When the trams were removed in 1960, the bus route that replaced them, the 387, followed much the same route. Buses from this route and from New South Head Road routes turned into Elizabeth Street from Park Street to reach the Phillip Street terminus. For more than a hundred years, Phillip Street has been the terminus for the public transport serving the Eastern Suburbs.

The North Shore rump of the Liberal Party has apparently decided that they will tell public bus passengers from the Eastern suburbs where they will go, and residents will have no say in the matter. The only warning is a trademark cryptic euphemism in the 9/11/2012 brochure:
"Some of the key changes that will benefit customers include:
  • Turning movements will be substantially reduced at the Elizabeth Street and Park Street intersection. This will help simplify bus movements through the city centre.
  • New bus routes will run to Barangaroo and Walsh Bay via the city centre and midtown interchange precinct."
Park Street/Elizabeth Street intersection

SMH 16th July 1923 p15

Criterion Theatre, corner Park and Pitt Streets
In the early settlement, ox-drawn drays found it hard to climb the Darlinghurst escarpment so the main route to the east was Oxford Street and Old South Head Road. The east-west roads between this escarpment and Darling Harbour, which extended south to Pier Street, were narrow and there was little reason to widen them. Sydney Council was given the power to resume properties for road widening in 1912 and proposals to widen Park Street went before Council in January 1914, to no avail.

Bradfield made personal representations to Council in July 1923 and the proposal to widen Park Street to one hundred feet was passed. It took some time for the widening to take place.

The Criterion Theatre was opened in 1886 and would have to be demolished along with the hotel. The building on the northern corner is now a Maccas restaurant. The last performance was on 13th July 1935. Sydney's two other Edwardian live theatres would survive until the 1970s.

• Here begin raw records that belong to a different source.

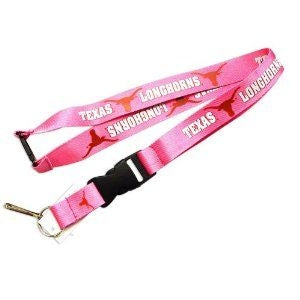 NCAA UT Longhorns Lanyard - Pink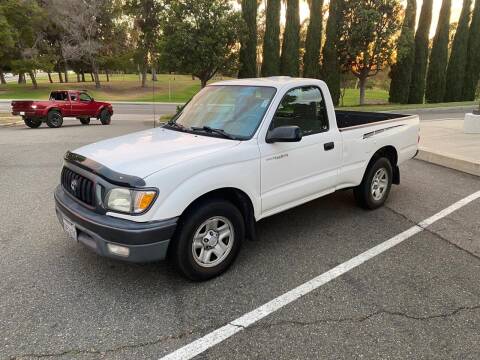 2004 Toyota Tacoma for sale at Car Tech USA in Whittier CA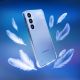 3. 3mk Just20g Clear Case for Samsung Galaxy S24 - transparent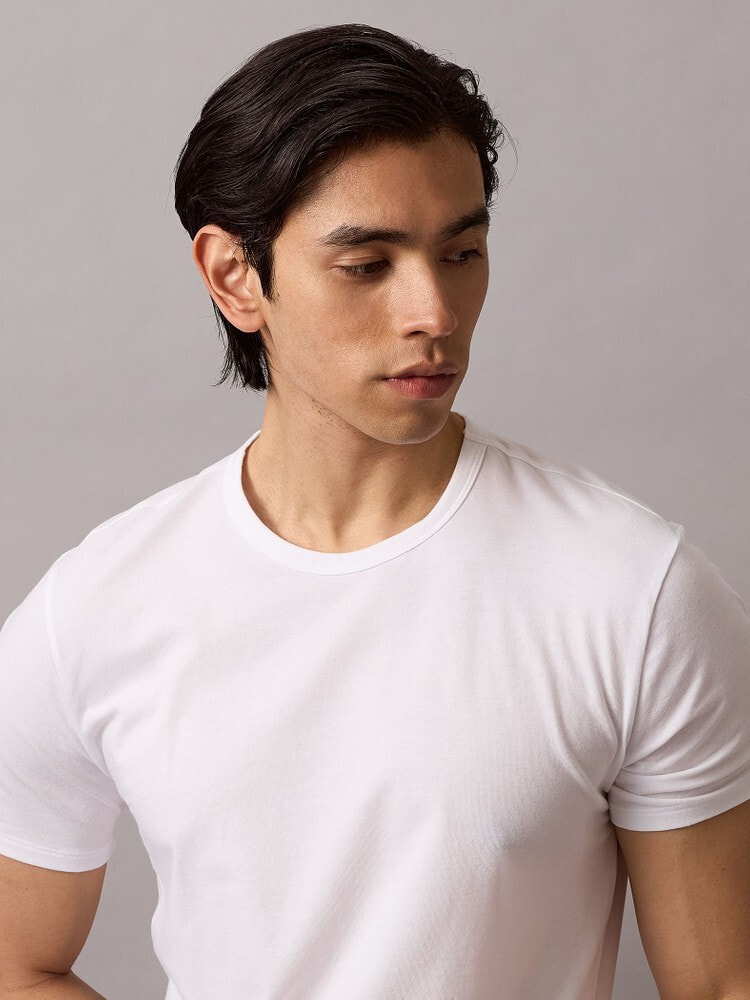 Tシャツ(3枚パック) - Cotton Stretch ショートスリーブクルー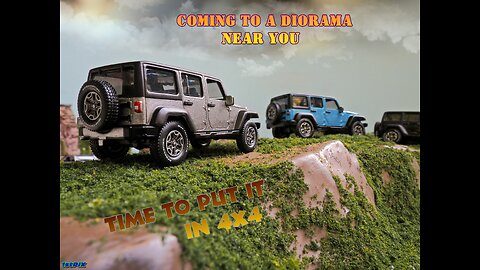 1stPix Diecast DIORAMAS: 1:64 Scale OFF-Road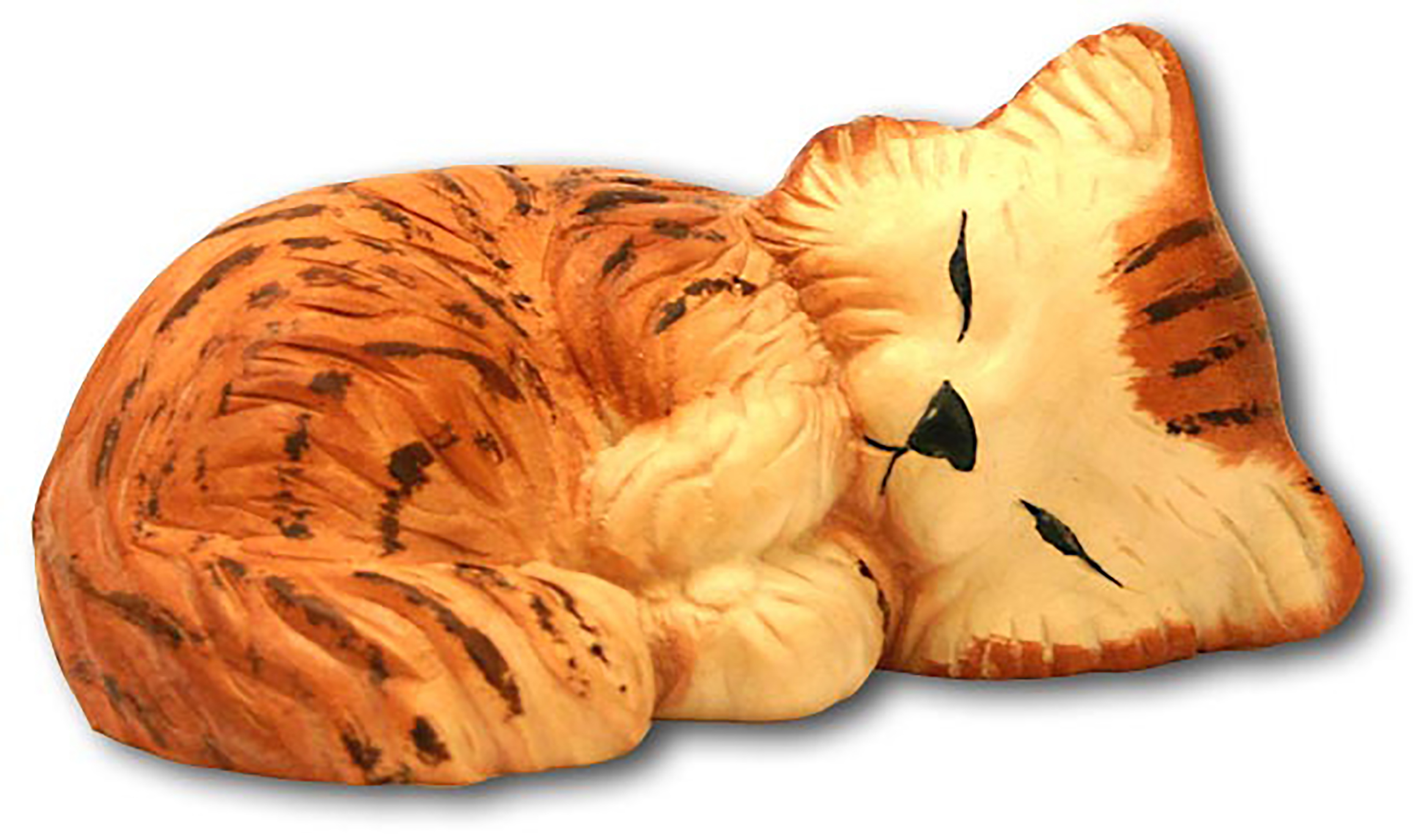 Katze liegend hellbraun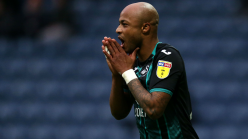 Andre Ayew’s Swansea suffer promotion setback after Leeds United loss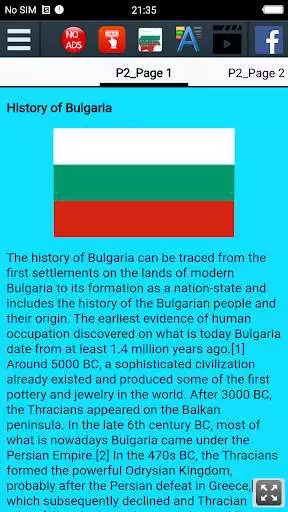 Play History of Bulgaria as an online game History of Bulgaria with UptoPlay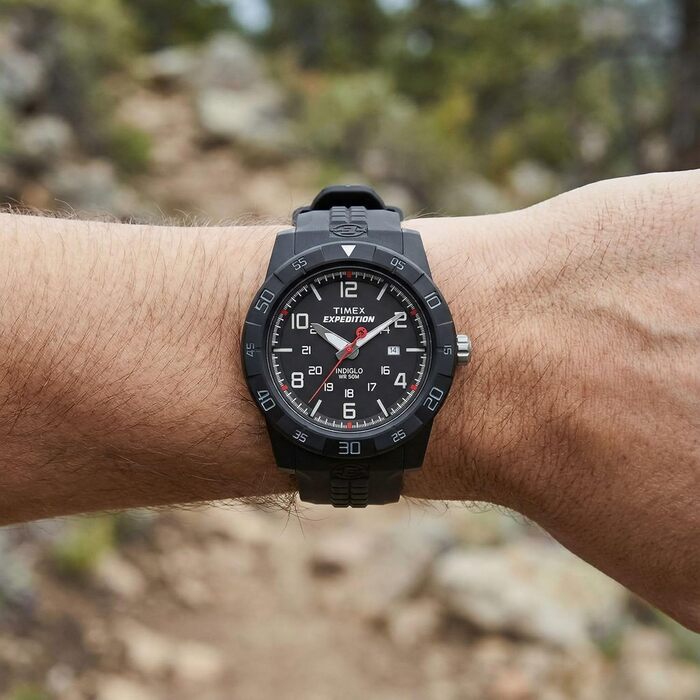Годинник чоловічий Timex Expedition T45181 кварцовий 39 мм з нейлоновим ремінцем T49831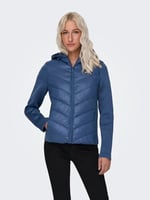 ONLY ONLSOPHIE MIX FITTED HOOD JACKET CC OTW Mont Ceket Kadın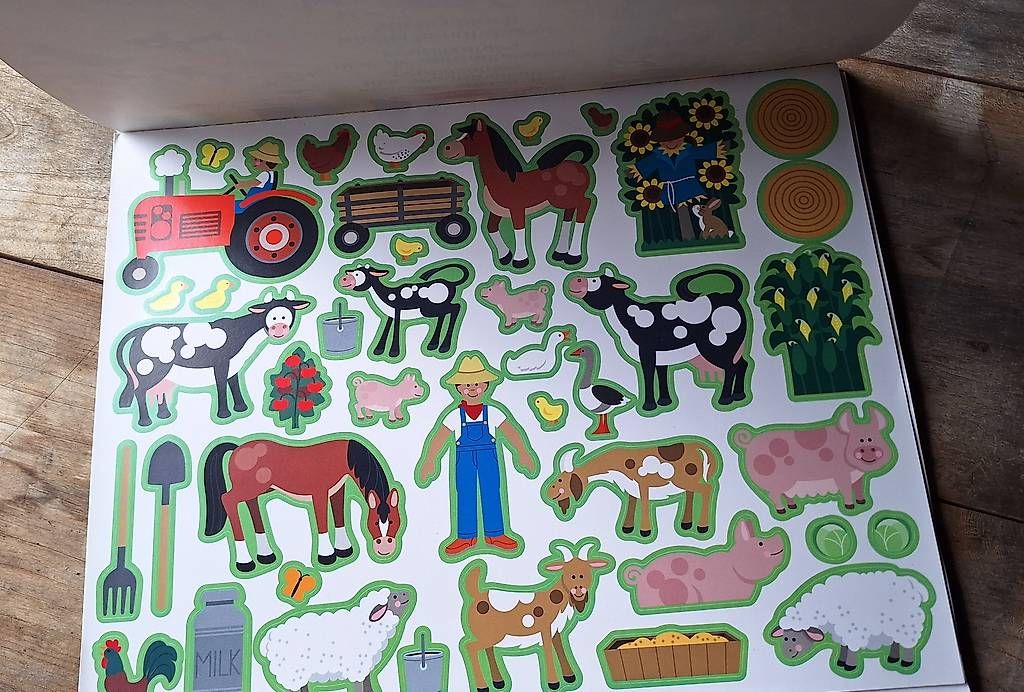 Sticker: Kinderset Backen, Kleberlen, Tattoo NEU – Usato da Rüti ZH venduto da la-93 4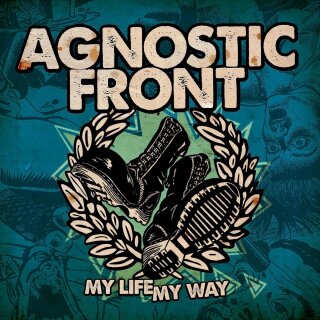 AGNOSTIC FRONT -- My Life My Way  LP  CLEAR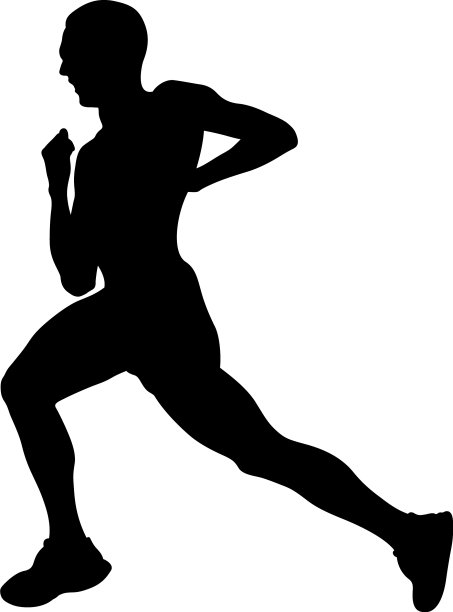 运动员赛跑图片下载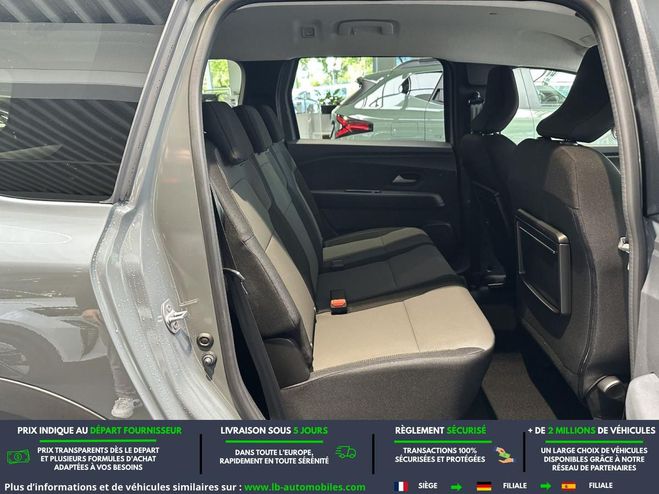 Dacia Jogger TCe 110 5 places Gris de 2025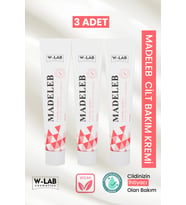 W-Lab Kozmetik Madeleb 3 lü Krem Set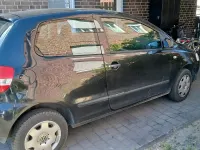 Gebraucht VW Fox 55 PS (40 kW) 2005 Schwarz Kleinwagen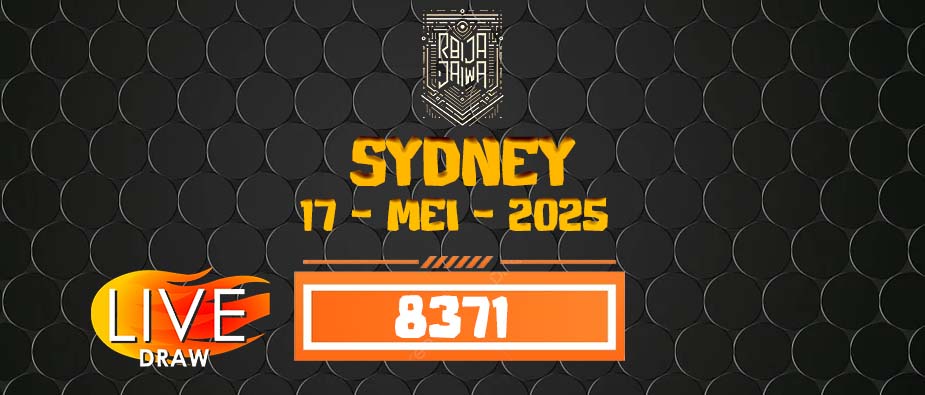 Hasil Togel Sydney 17 Mei 2025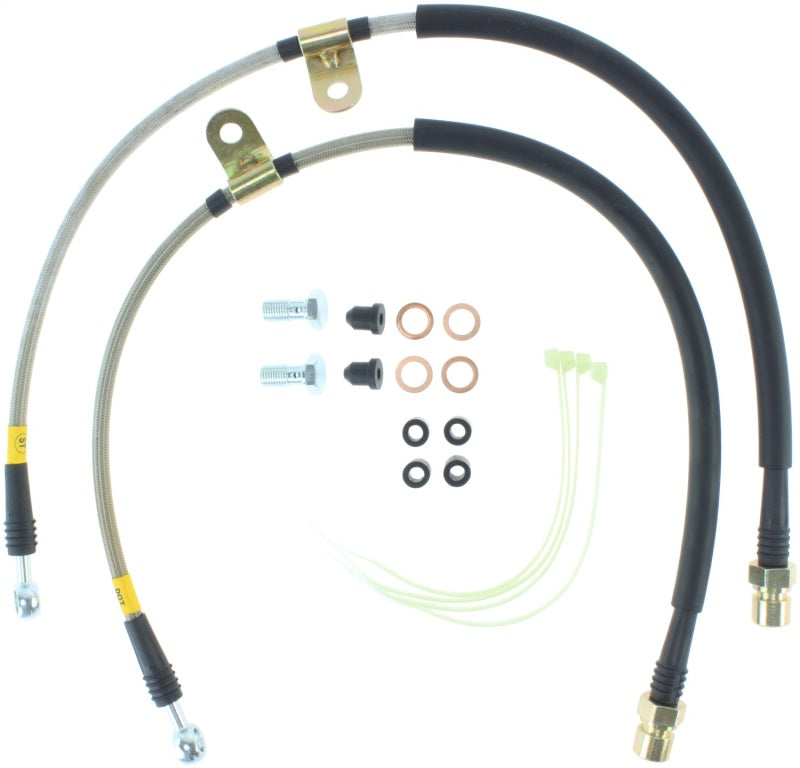StopTech Stainless Steel Brake Lines Kit Stoptech Brake Line Kits  AXOPROS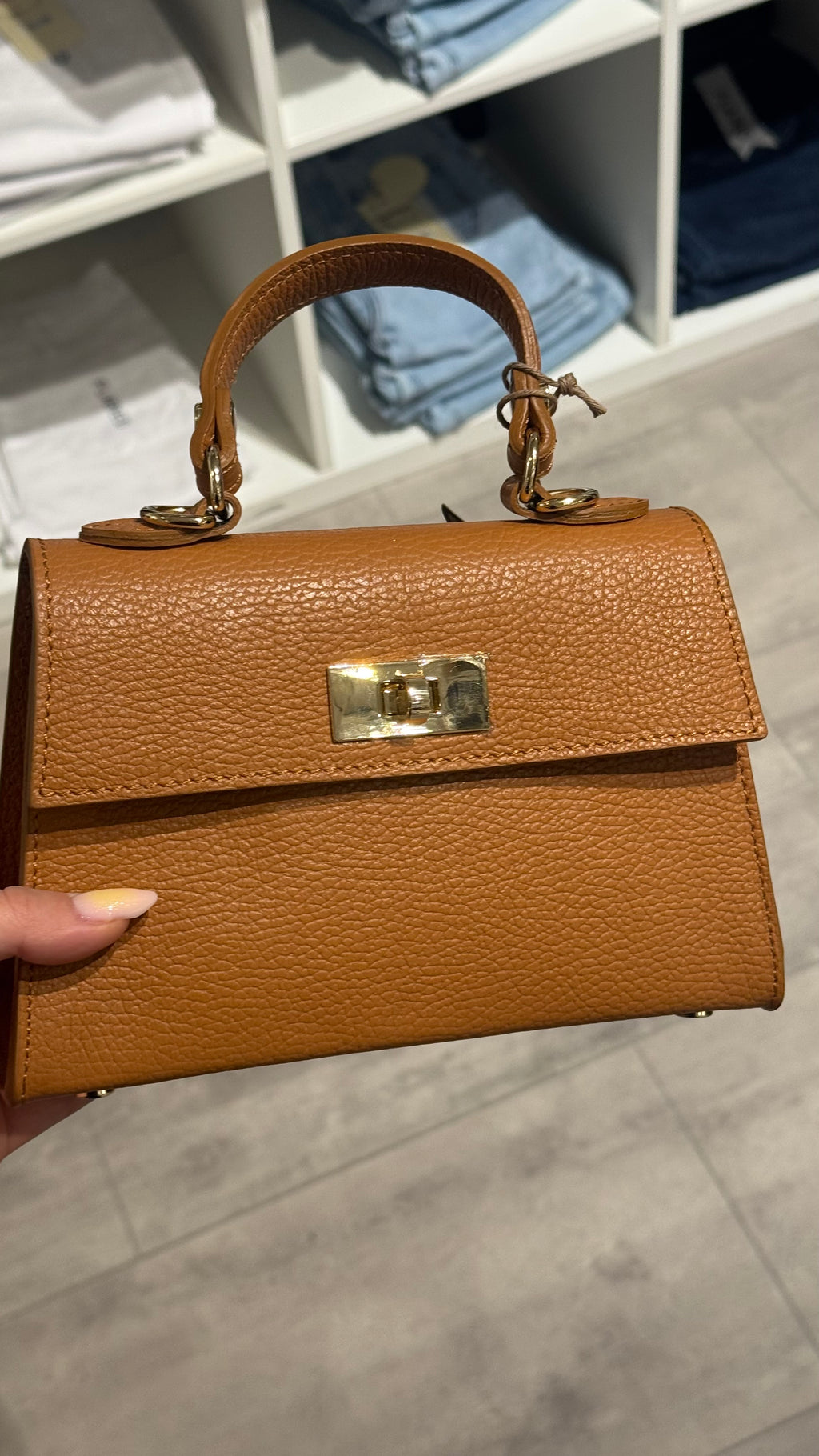 Elsa bag - camel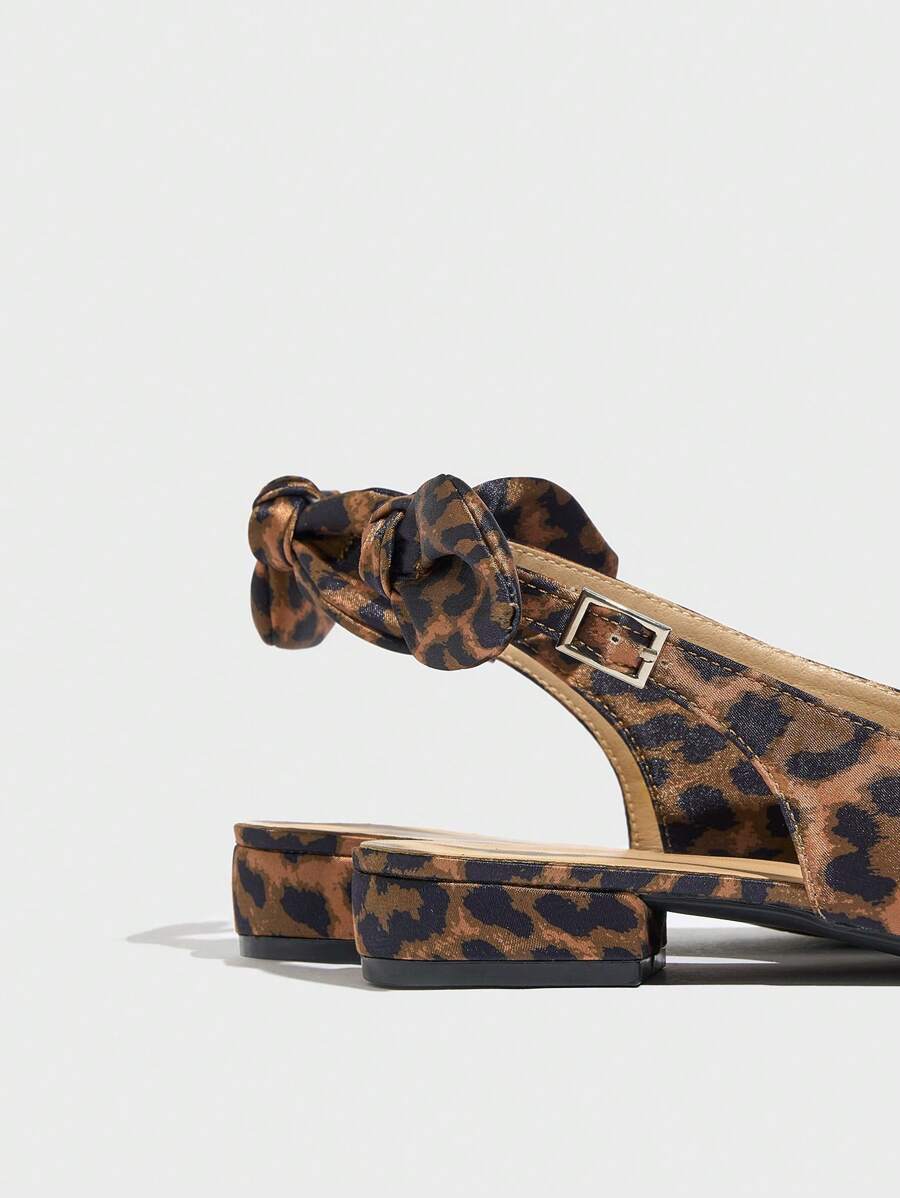 Zara | Schicke Leopardenprint Ballerinas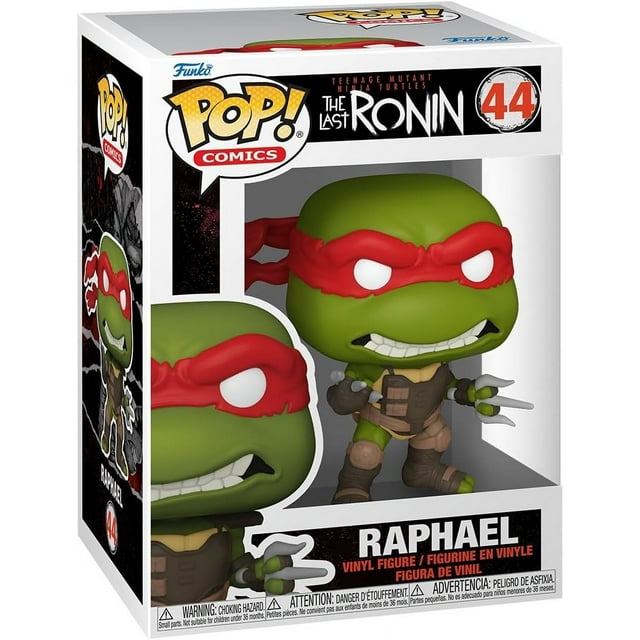 Pop Comics Teenage Mutant Ninja Turtles The Last Ronin 3.75 Inch Action Figure - Raphael #44
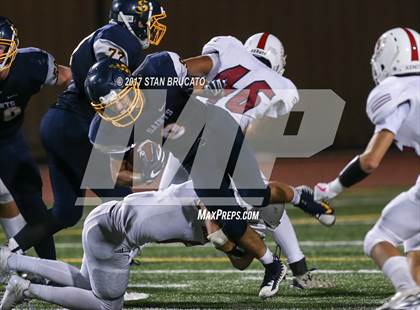 Thumbnail 1 in Beckman Patriots vs Crean Lutheran Saints photogallery.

Before the opening of the Cahill Expressway, York Street and Park Street was the main route between Australia north of Kirrabilli, and the Eastern Suburbs. The connection between York Street and Park Street was closed to vehicles other than buses by competent State Governments a long time ago forcing traffic onto the Cahill Expressway; and westbound traffic in Druitt Street was reduced from three lanes to two with the introduction of a bus only eastbound lane. Druitt Street is one of the most congested roads in the State.
Druitt Street was not widened in the 1930s - there was no reason to do this. The Robin Askin government had plans to introduce eastbound lanes in Druitt Street by demolishing properties on the northern side but the election of Neville Wran in 1976 brought these plans to a halt. The easternmost pylon for the carriageway over Darling Harbour had already been poured but this was cut off at the base and hauled away.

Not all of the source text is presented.